At last check, the trainer had 19 retrievers—one her own and 18 who belong to clients. Many of the owners see their dogs only a couple of times a year—picking them up for hunting trips or showing up at an occasional trial. Hoffman is on the road most weekends, traveling to to run the animals. She’s got clients in Texas, Maryland and Pennsylvania, and gets help only from two local “bird boys”—Rusty Stull and Brett Dillard, who assist Hoffman by shooting the guns and performing other tasks that simulate trial situations. “It is a lonely life and a very competitive sport,” she says, “but the field trial people are a great group, for the most part. And there is nothing greater than being in a truck with a bunch of retrievers, headed somewhere.” In recent months, she’s motored from New Jersey to South Carolina, and she gave a training seminar in 2007 in Alaska.
Pro trainers run their retrievers almost every weekend. They do so at trials to qualify the dogs for points that lead to titles and such honors as Master Hunter (MH), Amateur Field Champion (AFC) or National Field Champion (NFC), all of which appear on pedigree papers and raise the value of a retriever as a hunting dog and breeding animal. In October, Hoffman ran her dogs at a Tidewater Retriever Club Pro Field Trial in Powhatan, Virginia. There were about 50 retrievers in the three-day trial, which goes on rain or shine.
When a trainer is called to come to the line with his or her retriever, the dog has to be off leash. The trainer can tell the dog to heel, sit and mark. Once the trainer has signaled the judge to throw the birds, he or she cannot correct the dog or say a word to it until the judge gives the signal to send the dog. A trainer’s dog may be asked to mark three or four birds at distances ranging from 100 yards to 400 yards, depending on the trial. The dog is to go directly to each bird, return it to the trainer, and sit and hold the bird until the trainer takes it from the dog’s mouth. The “retrieves” a dog makes may be a land retrieve, a water retrieve or a combination of both.

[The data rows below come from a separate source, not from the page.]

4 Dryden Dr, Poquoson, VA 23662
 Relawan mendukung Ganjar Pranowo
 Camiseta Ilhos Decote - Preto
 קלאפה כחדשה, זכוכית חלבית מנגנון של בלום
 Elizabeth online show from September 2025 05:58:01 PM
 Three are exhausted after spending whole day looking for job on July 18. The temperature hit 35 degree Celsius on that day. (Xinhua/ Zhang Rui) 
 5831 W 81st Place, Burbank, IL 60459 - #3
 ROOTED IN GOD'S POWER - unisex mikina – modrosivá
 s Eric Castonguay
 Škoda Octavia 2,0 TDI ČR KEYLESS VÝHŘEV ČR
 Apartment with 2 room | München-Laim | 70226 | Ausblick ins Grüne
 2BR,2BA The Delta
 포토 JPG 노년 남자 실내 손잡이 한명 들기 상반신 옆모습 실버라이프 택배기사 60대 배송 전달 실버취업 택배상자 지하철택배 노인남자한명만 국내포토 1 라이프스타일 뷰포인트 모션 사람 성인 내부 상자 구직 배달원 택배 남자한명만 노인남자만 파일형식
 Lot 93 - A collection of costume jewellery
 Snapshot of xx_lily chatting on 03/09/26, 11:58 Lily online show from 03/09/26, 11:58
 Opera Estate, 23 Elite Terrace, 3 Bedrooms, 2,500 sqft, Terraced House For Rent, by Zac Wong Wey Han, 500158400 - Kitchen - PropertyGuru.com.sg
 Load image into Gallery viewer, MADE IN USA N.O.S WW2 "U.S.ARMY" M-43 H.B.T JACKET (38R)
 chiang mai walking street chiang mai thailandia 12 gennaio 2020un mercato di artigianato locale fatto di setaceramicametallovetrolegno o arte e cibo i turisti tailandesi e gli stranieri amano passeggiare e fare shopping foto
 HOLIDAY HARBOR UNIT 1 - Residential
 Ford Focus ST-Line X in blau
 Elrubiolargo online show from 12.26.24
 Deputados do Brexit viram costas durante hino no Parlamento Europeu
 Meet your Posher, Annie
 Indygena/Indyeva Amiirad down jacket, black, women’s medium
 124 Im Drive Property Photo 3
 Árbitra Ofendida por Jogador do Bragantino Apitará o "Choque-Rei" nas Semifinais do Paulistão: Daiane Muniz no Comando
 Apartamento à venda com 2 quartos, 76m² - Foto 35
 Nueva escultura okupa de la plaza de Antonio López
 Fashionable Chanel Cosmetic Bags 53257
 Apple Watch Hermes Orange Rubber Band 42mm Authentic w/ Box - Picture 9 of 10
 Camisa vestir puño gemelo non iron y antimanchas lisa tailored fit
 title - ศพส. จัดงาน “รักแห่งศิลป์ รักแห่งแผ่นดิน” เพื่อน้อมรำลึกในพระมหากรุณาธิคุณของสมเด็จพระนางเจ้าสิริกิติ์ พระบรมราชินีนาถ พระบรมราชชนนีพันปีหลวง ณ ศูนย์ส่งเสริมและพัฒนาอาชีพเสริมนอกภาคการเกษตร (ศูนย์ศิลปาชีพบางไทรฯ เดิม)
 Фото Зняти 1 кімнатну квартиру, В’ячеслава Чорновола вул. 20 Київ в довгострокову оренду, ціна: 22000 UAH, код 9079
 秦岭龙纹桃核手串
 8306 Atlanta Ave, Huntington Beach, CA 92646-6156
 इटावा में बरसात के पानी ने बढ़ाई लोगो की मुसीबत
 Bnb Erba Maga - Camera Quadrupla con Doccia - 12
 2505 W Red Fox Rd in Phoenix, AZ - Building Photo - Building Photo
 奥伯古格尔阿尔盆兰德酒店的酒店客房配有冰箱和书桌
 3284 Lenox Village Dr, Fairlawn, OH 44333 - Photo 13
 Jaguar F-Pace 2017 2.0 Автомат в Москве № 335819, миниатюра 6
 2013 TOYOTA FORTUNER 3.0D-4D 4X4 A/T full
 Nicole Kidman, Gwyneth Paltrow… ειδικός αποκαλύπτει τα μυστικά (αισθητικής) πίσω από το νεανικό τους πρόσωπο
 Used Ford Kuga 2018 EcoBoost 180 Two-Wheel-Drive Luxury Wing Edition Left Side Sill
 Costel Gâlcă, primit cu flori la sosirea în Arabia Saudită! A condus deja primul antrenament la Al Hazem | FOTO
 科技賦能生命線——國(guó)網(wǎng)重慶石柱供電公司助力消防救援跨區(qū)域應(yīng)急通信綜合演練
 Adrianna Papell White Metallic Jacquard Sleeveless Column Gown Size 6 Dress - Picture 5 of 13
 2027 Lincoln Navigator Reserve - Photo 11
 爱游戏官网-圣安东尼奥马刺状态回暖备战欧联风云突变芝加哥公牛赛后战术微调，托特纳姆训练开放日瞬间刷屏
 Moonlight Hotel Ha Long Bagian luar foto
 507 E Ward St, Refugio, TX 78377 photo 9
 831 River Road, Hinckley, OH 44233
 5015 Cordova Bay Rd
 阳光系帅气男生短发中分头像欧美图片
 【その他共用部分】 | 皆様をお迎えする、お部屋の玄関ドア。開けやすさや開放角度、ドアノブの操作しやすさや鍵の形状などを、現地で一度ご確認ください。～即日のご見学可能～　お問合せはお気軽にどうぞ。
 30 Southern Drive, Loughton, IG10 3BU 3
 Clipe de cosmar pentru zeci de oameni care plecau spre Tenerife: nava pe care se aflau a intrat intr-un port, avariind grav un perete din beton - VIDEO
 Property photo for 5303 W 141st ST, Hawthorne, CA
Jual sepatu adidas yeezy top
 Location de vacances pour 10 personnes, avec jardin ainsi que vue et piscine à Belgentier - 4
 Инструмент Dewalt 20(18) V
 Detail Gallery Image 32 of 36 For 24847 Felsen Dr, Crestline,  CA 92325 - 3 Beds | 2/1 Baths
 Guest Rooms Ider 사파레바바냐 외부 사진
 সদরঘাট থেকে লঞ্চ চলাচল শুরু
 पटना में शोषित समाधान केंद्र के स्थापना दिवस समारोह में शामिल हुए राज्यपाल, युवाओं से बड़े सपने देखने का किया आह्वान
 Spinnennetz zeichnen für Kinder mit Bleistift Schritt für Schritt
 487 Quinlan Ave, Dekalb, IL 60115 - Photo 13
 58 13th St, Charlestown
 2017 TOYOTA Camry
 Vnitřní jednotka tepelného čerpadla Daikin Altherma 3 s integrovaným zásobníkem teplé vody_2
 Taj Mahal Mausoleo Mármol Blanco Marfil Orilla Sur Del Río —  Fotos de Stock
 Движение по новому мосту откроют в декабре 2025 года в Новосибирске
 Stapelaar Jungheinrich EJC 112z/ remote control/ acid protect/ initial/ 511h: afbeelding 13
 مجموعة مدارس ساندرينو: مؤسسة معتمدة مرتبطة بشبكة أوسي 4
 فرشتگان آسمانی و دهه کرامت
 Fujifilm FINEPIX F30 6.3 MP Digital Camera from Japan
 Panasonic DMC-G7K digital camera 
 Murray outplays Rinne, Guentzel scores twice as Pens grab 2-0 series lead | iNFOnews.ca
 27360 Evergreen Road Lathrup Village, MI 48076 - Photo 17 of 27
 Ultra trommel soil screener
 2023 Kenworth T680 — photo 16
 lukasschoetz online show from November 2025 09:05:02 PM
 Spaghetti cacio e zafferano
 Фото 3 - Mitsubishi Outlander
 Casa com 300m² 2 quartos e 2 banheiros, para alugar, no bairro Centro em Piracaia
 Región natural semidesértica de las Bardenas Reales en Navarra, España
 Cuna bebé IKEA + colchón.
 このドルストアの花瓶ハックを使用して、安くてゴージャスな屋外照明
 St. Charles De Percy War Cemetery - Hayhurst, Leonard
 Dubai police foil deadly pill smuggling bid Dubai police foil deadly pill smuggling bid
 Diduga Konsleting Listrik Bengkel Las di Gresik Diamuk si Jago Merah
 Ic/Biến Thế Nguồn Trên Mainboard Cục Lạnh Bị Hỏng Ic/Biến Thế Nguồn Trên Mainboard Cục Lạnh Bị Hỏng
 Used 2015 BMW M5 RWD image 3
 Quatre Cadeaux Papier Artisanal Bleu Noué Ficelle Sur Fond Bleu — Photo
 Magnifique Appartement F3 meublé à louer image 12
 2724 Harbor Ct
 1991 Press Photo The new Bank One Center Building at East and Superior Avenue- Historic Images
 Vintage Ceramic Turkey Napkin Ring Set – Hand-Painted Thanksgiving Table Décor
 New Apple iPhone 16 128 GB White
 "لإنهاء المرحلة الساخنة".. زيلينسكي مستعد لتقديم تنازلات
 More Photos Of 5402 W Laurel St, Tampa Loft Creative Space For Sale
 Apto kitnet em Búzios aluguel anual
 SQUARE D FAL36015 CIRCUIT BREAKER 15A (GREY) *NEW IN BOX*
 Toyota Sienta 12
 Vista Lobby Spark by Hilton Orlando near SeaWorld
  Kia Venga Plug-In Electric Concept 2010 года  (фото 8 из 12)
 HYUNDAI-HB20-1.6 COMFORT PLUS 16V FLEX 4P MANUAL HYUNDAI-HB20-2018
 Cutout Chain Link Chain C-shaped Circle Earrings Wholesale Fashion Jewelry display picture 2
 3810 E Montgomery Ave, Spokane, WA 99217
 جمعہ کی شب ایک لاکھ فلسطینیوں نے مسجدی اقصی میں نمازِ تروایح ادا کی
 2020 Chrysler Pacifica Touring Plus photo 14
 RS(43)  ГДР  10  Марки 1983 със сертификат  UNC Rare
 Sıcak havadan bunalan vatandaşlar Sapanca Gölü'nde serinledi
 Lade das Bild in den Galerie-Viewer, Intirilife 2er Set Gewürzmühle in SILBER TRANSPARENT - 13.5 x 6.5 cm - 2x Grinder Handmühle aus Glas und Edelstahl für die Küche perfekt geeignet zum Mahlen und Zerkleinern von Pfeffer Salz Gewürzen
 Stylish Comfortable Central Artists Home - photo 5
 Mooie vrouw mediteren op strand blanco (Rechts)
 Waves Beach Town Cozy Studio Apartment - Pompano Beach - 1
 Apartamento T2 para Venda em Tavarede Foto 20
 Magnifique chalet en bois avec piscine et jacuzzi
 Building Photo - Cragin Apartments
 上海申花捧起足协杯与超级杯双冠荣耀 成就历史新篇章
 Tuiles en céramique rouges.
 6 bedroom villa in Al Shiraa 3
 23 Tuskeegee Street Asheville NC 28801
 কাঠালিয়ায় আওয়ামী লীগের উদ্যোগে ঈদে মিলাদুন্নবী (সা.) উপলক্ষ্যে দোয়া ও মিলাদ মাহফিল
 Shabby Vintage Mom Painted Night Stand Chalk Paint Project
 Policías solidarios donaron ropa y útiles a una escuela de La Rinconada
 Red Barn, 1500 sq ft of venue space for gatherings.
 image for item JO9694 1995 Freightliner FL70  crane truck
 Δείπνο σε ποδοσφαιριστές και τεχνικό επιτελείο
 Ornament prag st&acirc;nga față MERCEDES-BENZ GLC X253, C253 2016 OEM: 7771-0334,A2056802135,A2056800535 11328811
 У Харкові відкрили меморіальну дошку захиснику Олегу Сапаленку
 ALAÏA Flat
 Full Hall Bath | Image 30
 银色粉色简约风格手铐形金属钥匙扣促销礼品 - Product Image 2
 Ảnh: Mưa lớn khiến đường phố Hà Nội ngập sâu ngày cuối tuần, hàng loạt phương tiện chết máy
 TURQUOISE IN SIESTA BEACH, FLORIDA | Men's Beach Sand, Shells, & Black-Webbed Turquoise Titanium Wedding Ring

All animals progress differently, but Hoffman says it can take about three months to train a “gun dog”, which, when it sees a duck fall, will go and retrieve the bird. It can take a year to train a “handling gun dog”, which will retrieve a bird it has not seen fall by reacting to hand signals or whistles from the hunter.
Retriever training has changed over the last 20 years, Hoffman says, and so have retrievers. “I believe retrievers are more intelligent and more sensitive. Training methods have improved as well.” She says that retrievers, like people, have individual personalities and respond to motivation in different ways. “Some dogs require a strong voice correction, and others may require something different.”
In Hoffman’s opinion, the best field trial dog is a black Labrador. Although you may have a great Chesapeake or golden retriever, “if you want to play the field trial game, get a black Lab—the percentages prove this out. Labs are the most tractable and best water dogs. Chesapeakes, if you get a good one, are great. Golden retrievers can be a good upland dog and also tend to be very smart, which, although it sounds odd, may make them more difficult to train.”
There isn’t much in a dog that Hoffman hasn’t seen, but she never grows tired of working with retrievers. It’s called having a passion for what you do, and that, she says, makes the sacrifices gratifying.
There are several retriever organizations in Virginia—among them, the Tidewater Retriever Club (TidewaterRetrieverClub.org), the Rappahannock River Retriever Club (RRRclub.com) and the Blue Ridge Retriever Club (BlueRidgeRetrieverClub.com).